本書を「ちょい読み」で紹介するには気が引けるのだが、まだ丸ごと一冊読み終わっていないので、年末年始用に速報しておきたい。本書は今年最後のおススメ本になるかもしれない。それも飛び切りのおススメ本なのだ。山内・横井・宮本・荒川など魅力的な登場人物、それぞれのゲームタイトルとゲーム機のビジネス・ディテール、セレンディピティと戦略。素晴らしいビジネスケース・スタディに仕上がっている。MBAの授業で丸ごと使えそうだ。
いっぽうで本書は小説として読むこともできる。

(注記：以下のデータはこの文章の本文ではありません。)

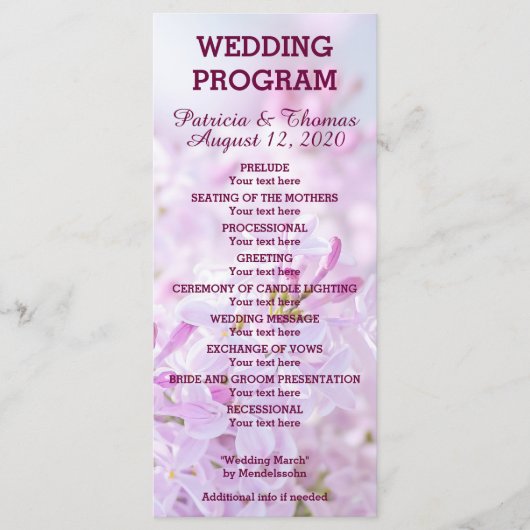 Programme de mariage personnalisable (Devant)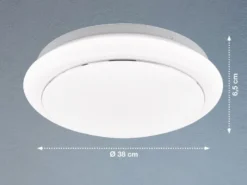 LED Deckenleuchten flach 2er SET runde Deckenlichter Weiß, Ø 38cm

それもゲームの主人公が空を飛ぶようなスピード感で物語が進行するのだ。全24章の最後の数行を読むだけでもお判りになるであろう。
第2章の最後「もし山内が経験を積んだデザイナーにROM交換プロジェクトをやらせていたら、もし横井が宮本に好き放題にデザインさせていなかったら、もし宮本がストーリーを語るのではなく、単にゲーム作ろうとしたらーマリオがこんな風に生まれることは絶対になかった」そうだったのか!
第10章の最後「任天堂はライバル会社が少々マーケットシェアを増やしたぐらいでは動じなかった。さらに、準備中の次のマリオゲームがセガの野望を打ち砕くことになる」戦略なのか?
第13章の最後「しかしその転換の1つが、任天堂にとって最大のライバルを生み出すきっかけになる―そしてそのライバルに任天堂を屈服させる技術をもたらすことになろうとは―この時の任天堂は知る由もなかった」わくわく!
第21章の最後「PSPは、今なお毎年ソニーに多くの収入をもたらしてくれる正統のゲーム機だ。だがそれは、流刑地のエルバ島で捲土重来の機会をうかがうナポレオンのようでもあった」ソニーはどうなるのだろう?
翻訳も素晴らしい。本書はビジネスケースとしても小説としても読むことができる。ビジネスマン、とりわけエンターテイメント関係者にとって冬休みの必読書かもしれない。